All We Know
Adham, Laila, Osama, Nabil
US theatrical: 6 Jan 2010 (Limited release)
We know the threat.
“As the saying goes,” says Adham, “‘Each one gets what is written.’’ For 17-year-old Adham, that means he is expected to pick up garbage. He’s Zaballeen, one of 60,000 impoverished Coptic Christians who live in Mokattam, oustide Cairo, and have collected the city’s trash for 150 years. Adham is hardly content with his fate. When he went into the city on a truck to do the collecting, he recalls, “I realized everyone was well dressed and I wasn’t, so I was a bit upset.” Over low angle images of streets and trucks and piles of waste, he observes, “There’s the upper class, the middle class.” Adham takes a breath, then adds. “The nothing class: that’s us.”

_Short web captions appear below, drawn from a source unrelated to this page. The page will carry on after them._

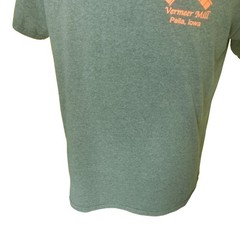 Vermeer Mills Pella IA Gray T Shirt Size Large Gildan Ultra Cotton – Light Spots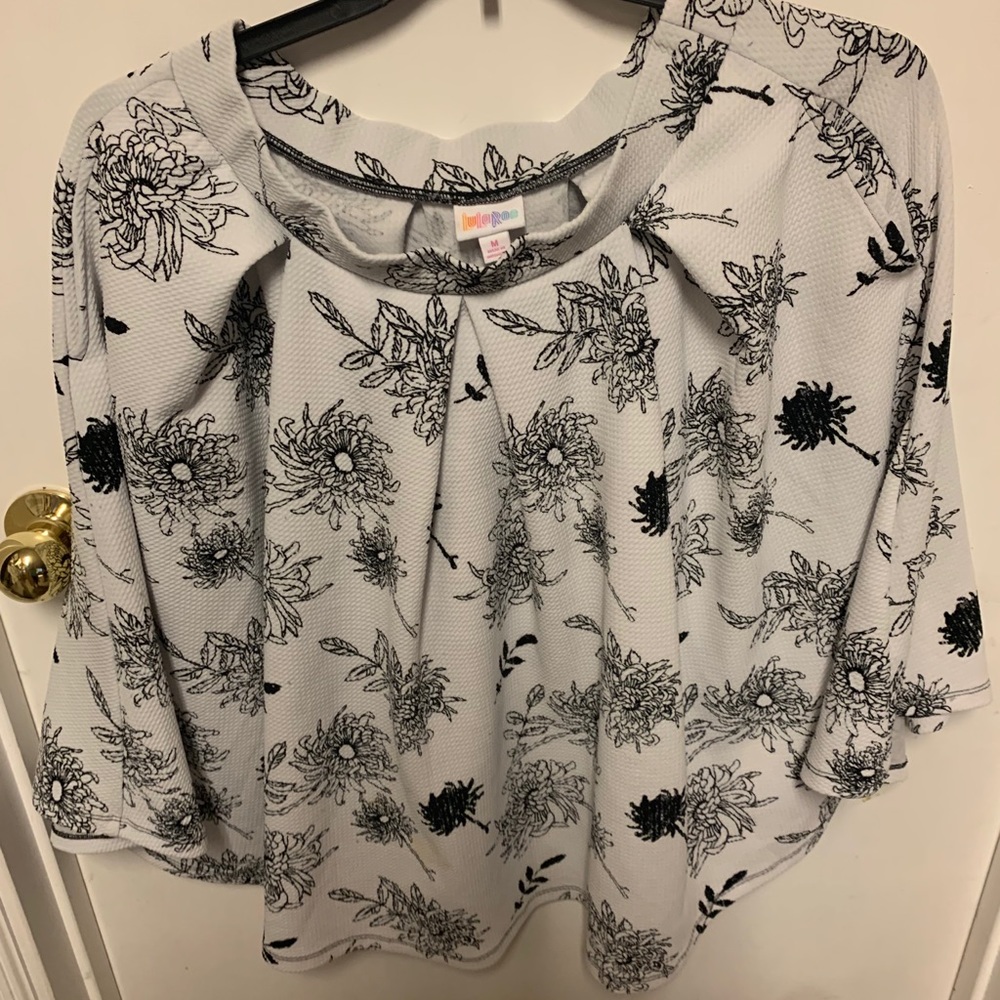 Super cute black and white Madison skirt Medium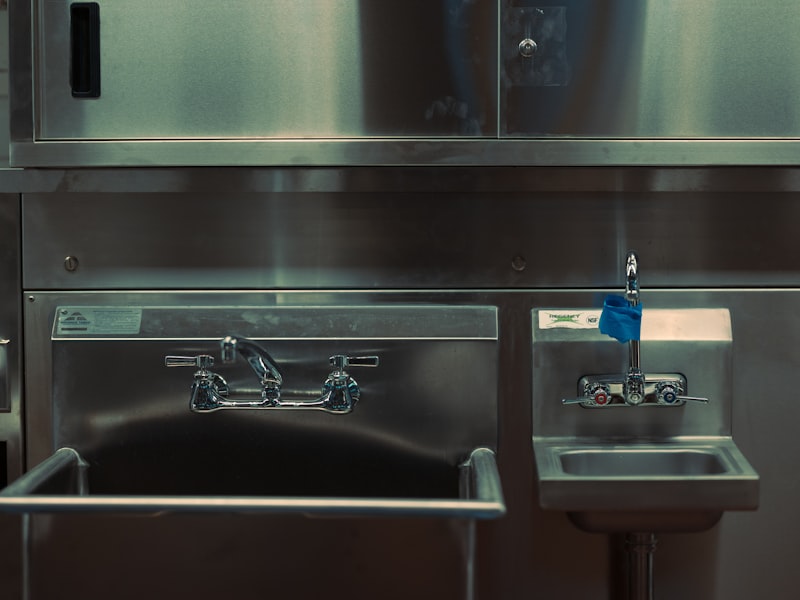 Pass Boxes & Transfer Hatches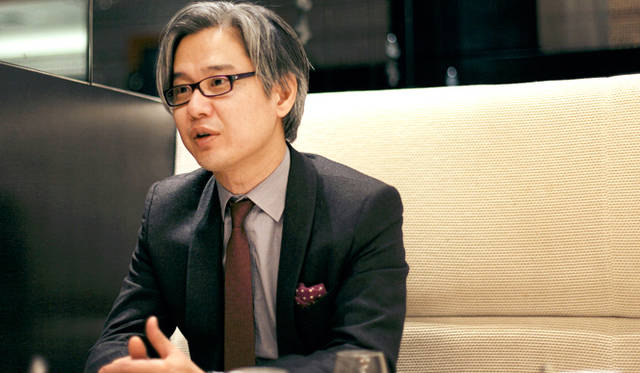 「職人の名前を冠したブランドというのは、どうしてもその職人の個性が前面に出ていることが多い。でもアンリ・ルルーの場合は、創始者であるアンリ・ルルーの『ものづくりの精神』を継承した『チームデザイン』なんです」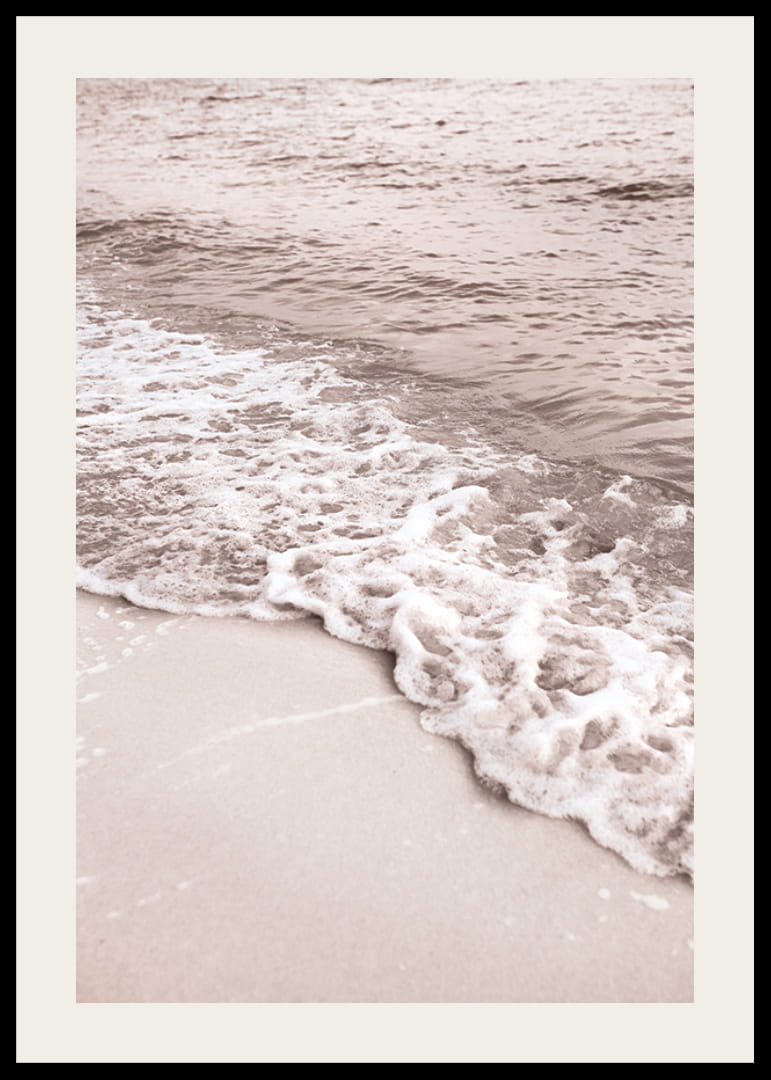 Fotografi av vågskum vid sandstrand i mjuka beige toner-12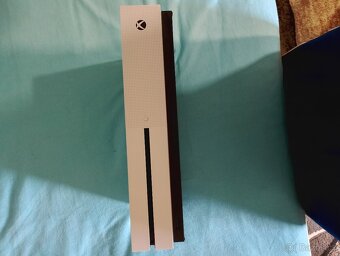 Konzole Xbox One S 1 TB, s dvěma ovladači a 4 hry - 7
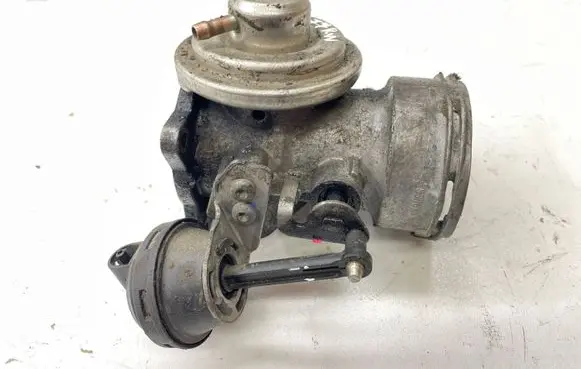 Skoda Octavia Mk2 (1Z) EGR valve 03G131501A 076512045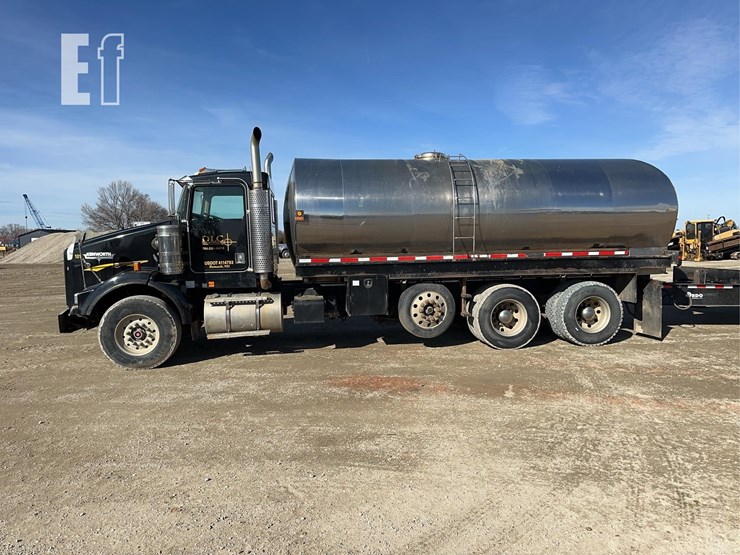 1999-kenworth-t800-image-2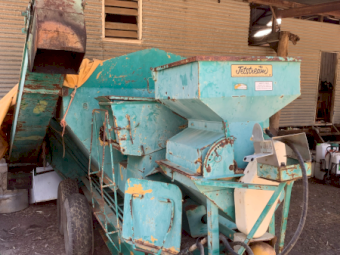 Jetstream Mammoth Mill n Mix Feed Mixer Wagon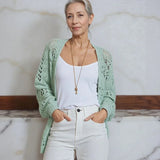 Cardigan Serena™ com Trama de Algodão Artesanal e Caimento Perfeito / Liberdade e Elegância Natural para Mulheres que Sabem se Vestir com Alma.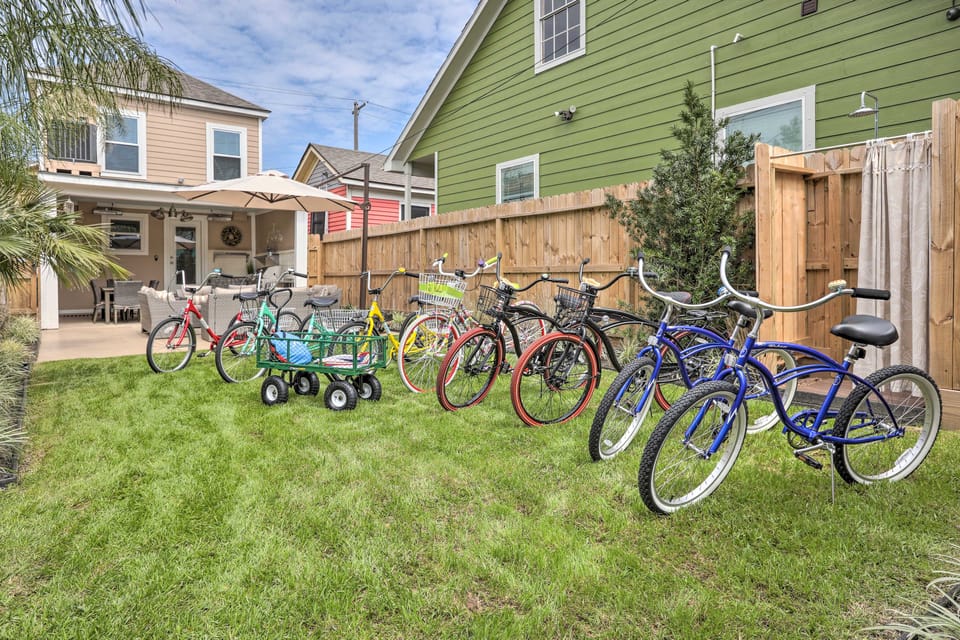 2 Blocks to Stewart Beach: Home w/ Backyard Oasis House in Texas City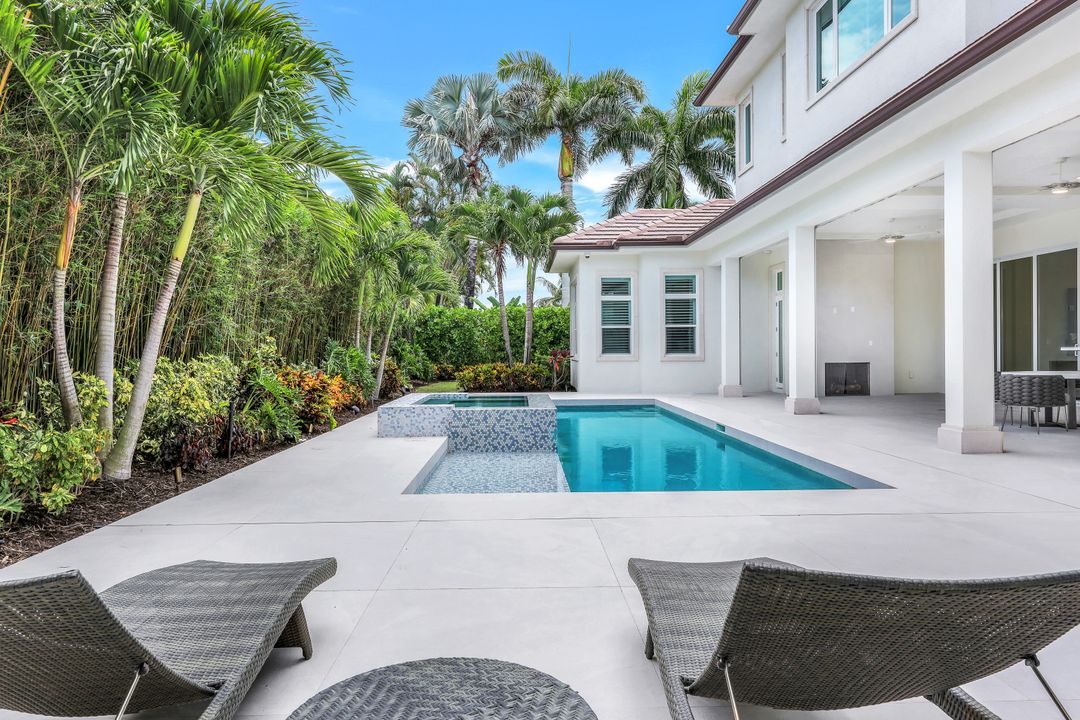 569 Neapolitan Way, Naples, FL 34103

The fate of this “class” is the focus of Garbage Dreams, Mai Iskander’s first documentary, recently included on the Academy Awards shortlist for documentaries. Opening 6 January at the IFC Center in Manhattan, the film follows Adham and two other teens over four years. As Adham—introduced as he’s counting and cutting cans to recycle—seeks an alternative, 16-year-old Osama can’t quite break into the garbage business. He’s had trouble holding any job for long, he admits, and the film shows him arriving late and suffering the complaints of his family (“He’s an irresponsible failure”). As the film begins, Osama is working in a restaurant kitchen. “Garbage work is dangerous work,” his father has told him. Osama prefers washing dishes, he says, “because it isn’t hard like other jobs. Other jobs make my eyes pop out.”
Osama’s lack of focus is contrasted with the utter dedication of Nabil. At 18, he has a vision for his future: working in garbage, like all the other men in his family, ensures that he will achieve his own goal, which is to be married, a sign of maturity and a route to respect in the community. “I feel I can be responsible for a family,” he explains, “because I know how to work hard. I imagine marriage means that my wife will be my friend. I’ll tell her everything and we’ll face hardships together.” In the meantime, he notes his current hardships, like sorting through “the small and fine things.” Yogurt cups in particular are exhausting, he sighs.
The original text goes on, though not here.